Succinct Representation of Codes with Applications to Testing


Speaker: Elena Grigorescu , CSAIL, MIT.

abstract

In Property Testing the goal is to quickly distinguish objects that satisfy a property from objects that need to be changed in a large fraction of places in order to satisfy the property. In this context, Locally Testable Codes (LTCs) are error-correcting codes for which membership can be decided from reading only a small section of the input. Recent studies of LTCs focus on identifying what attributes of codes allow them to be testable by local inspection. In particular, the ``symmetries of a code seem to play an important role in providing sufficient conditions for testing. Kaufman and Sudan supported this view by showing that the duals of linear codes that have the ``single local orbit property under the affine symmetry group are locally testable. A code has the single local orbit property if it is specified by a single local constraint and its translations under the symmetry group of the code.

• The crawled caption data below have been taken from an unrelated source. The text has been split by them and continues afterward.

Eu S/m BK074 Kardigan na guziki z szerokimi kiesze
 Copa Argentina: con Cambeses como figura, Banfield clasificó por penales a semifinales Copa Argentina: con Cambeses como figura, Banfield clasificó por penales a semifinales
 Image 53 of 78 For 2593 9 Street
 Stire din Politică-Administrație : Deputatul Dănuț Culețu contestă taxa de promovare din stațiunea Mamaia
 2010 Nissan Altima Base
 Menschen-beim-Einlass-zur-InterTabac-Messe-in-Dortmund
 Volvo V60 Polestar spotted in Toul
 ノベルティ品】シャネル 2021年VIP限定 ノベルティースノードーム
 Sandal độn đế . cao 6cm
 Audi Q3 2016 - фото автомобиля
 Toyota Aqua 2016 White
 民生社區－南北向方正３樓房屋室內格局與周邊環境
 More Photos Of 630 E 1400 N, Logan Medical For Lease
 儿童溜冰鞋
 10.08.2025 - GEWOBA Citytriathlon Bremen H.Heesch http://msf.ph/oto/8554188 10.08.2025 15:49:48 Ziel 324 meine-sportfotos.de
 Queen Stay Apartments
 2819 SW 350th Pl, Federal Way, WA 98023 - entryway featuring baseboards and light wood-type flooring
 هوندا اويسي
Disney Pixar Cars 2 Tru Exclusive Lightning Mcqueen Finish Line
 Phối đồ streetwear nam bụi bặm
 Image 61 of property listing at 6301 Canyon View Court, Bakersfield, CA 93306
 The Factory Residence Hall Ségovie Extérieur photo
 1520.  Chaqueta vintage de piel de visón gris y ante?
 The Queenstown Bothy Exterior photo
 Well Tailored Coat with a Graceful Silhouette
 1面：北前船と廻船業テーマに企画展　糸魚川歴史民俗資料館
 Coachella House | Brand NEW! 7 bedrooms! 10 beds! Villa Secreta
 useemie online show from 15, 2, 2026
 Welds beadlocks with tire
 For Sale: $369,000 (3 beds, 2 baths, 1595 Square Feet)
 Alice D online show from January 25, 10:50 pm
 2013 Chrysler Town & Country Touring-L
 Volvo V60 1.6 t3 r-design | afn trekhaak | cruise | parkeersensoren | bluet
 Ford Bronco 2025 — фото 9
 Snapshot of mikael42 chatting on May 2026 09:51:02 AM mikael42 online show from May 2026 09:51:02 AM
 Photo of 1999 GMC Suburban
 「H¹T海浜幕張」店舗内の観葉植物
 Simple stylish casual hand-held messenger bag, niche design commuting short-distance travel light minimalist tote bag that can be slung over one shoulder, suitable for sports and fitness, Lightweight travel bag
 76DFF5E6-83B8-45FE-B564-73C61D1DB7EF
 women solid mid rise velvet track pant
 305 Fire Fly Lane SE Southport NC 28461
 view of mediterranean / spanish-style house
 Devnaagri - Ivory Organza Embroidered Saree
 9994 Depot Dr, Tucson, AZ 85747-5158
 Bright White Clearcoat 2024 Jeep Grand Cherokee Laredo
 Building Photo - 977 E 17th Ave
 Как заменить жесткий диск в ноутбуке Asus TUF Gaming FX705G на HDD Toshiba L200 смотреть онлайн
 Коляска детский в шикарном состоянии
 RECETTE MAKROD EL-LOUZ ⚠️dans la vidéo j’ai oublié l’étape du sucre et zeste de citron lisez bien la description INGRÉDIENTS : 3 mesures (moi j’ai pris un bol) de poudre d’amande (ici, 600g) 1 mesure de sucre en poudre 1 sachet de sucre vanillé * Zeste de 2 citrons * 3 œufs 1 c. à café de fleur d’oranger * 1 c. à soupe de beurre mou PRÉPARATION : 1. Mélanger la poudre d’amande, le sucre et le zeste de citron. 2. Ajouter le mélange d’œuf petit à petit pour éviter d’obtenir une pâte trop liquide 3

In this talk I will present a result motivated by questions arising in previous studies of LTCs regarding error-correcting codes that have the single local orbit property. We show that the dual of every ``sparse'' binary code whose coordinates are indexed by elements of F_{2^n} for prime n, and whose symmetry group includes the group of non-singular affine transformations of F_{2^n}, has the single local orbit property. (A code is said to be sparse if it contains polynomially many codewords in its block length.) In particular this class includes the dual-BCH codes for whose duals (i.e., for BCH codes) simple bases were not known. Our result gives the first short (O(n)-bit, as opposed to the natural exp(n)-bit) description of a low-weight basis for BCH codes.

If, in addition to n being prime, if 2^n-1 is also prime (i.e., 2^n-1 is a Mersenne prime), then we get that every sparse cyclic code also has the single local orbit. In particular this implies that BCH codes of Mersenne prime length are generated by a single low-weight codeword and its cyclic shifts.

Our techniques involve the use of recent results from additive number theory to prove that the codes we consider, and related codes emerging from our proofs, have high distance. We then combine these with the MacWilliams identities and some careful analysis of the invariance properties to derive our results.